I am new to GMin’g Blades I have an upcoming game that will have up to seven people playing.

I am new to GMin’g Blades I have an upcoming game that will have up to seven people playing.

I am new to GMin’g Blades I have an upcoming game that will have up to seven people playing……. Does this group have any suggestions on how to best make this work?

4 thoughts on “I am new to GMin’g Blades I have an upcoming game that will have up to seven people playing.”

  1. The short, and unfortunate answer is, don’t. Play with 4-5 (including a GM). More than that and it’s difficult to shine the spotlight on players. It throws off the stress economy.

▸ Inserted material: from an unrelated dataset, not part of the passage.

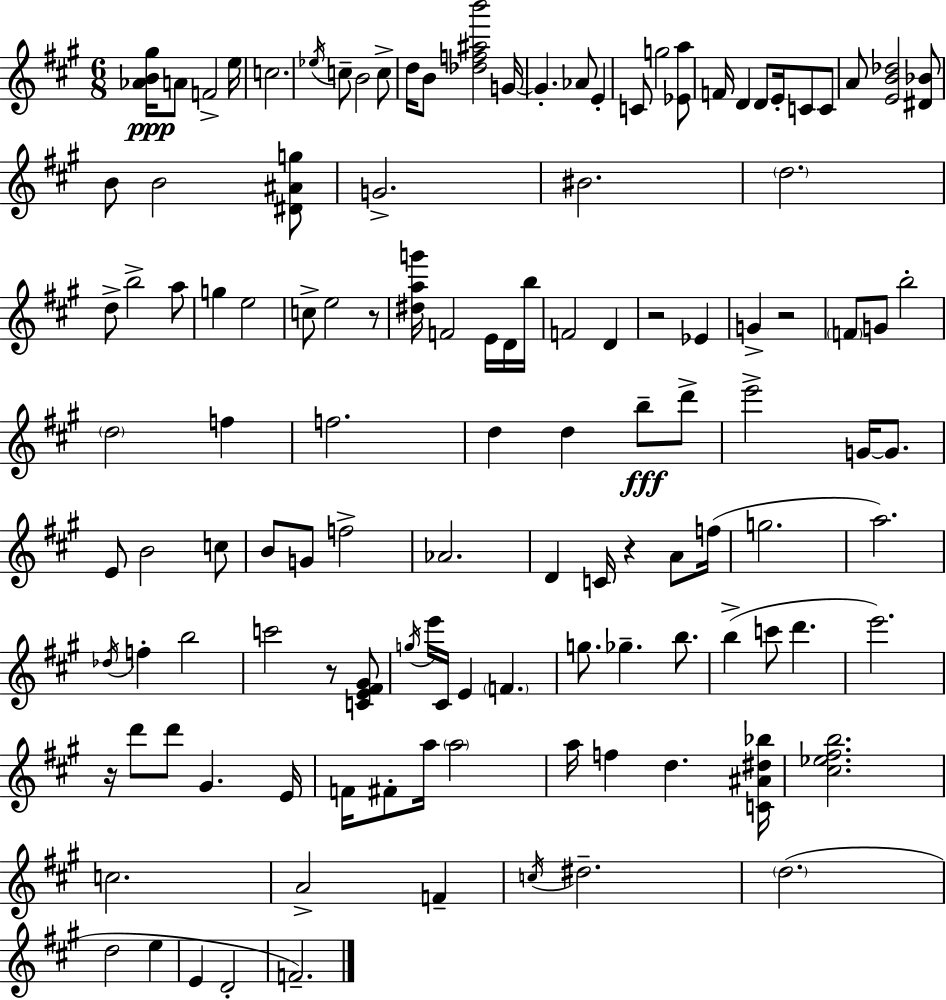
[Ab4,B4,G#5]/s A4/e F4/h E5/s C5/h. Eb5/s C5/e B4/h C5/e D5/s B4/e [Db5,F5,A#5,B6]/h G4/s G4/q. Ab4/e E4/q C4/e G5/h [Eb4,A5]/e F4/s D4/q D4/e E4/s C4/e C4/e A4/e [E4,B4,Db5]/h [D#4,Bb4]/e B4/e B4/h [D#4,A#4,G5]/e G4/h. BIS4/h. D5/h. D5/e B5/h A5/e G5/q E5/h C5/e E5/h R/e [D#5,A5,G6]/s F4/h E4/s D4/s B5/s F4/h D4/q R/h Eb4/q G4/q R/h F4/e G4/e B5/h D5/h F5/q F5/h. D5/q D5/q B5/e D6/e E6/h G4/s G4/e. E4/e B4/h C5/e B4/e G4/e F5/h Ab4/h. D4/q C4/s R/q A4/e F5/s G5/h. A5/h. Db5/s F5/q B5/h C6/h R/e [C4,E4,F#4,G#4]/e G5/s E6/s C#4/s E4/q F4/q. G5/e. Gb5/q. B5/e. B5/q C6/e D6/q. E6/h. R/s D6/e D6/e G#4/q. E4/s F4/s F#4/e A5/s A5/h A5/s F5/q D5/q. [C4,A#4,D#5,Bb5]/s [C#5,Eb5,F#5,B5]/h. C5/h. A4/h F4/q C5/s D#5/h. D5/h. D5/h E5/q E4/q D4/h F4/h.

It makes it hard to keep everyone invested.

    I would recommend a different game, perhaps Dungeon Crawl Classics for a larger group.

  2. Separate the groups, then bounce back and forth. Give the first an obstacle, then the second, then go back to the first with a “What do you want to do?” have The Conversation, roll them dice, then let them move on to the next obstacle. Then switch to the other group.

    They’ll have a bigger pool of Stress, so don’t be shy about mentioning Harm as a consequence. If they don’t succeed, there’s always Resisting.

  3. Thanks gents!

    I think I will plan the first session to be the starter presented in the book and after that run two heists at the same time.

    I have used that method before Arne but with different games…at least with Blades it procedurally sets it up to work nicely.

  4. Double up on consequences. The big thing with having a large group is a stress economy scewed in the players favour. Doubling up means they spend stress resisting multiple consequences.

    Obviously don’t do this every roll but it’s good to get them to sweat a bit.

    Also extend the play time so everyone gets a chance to shine!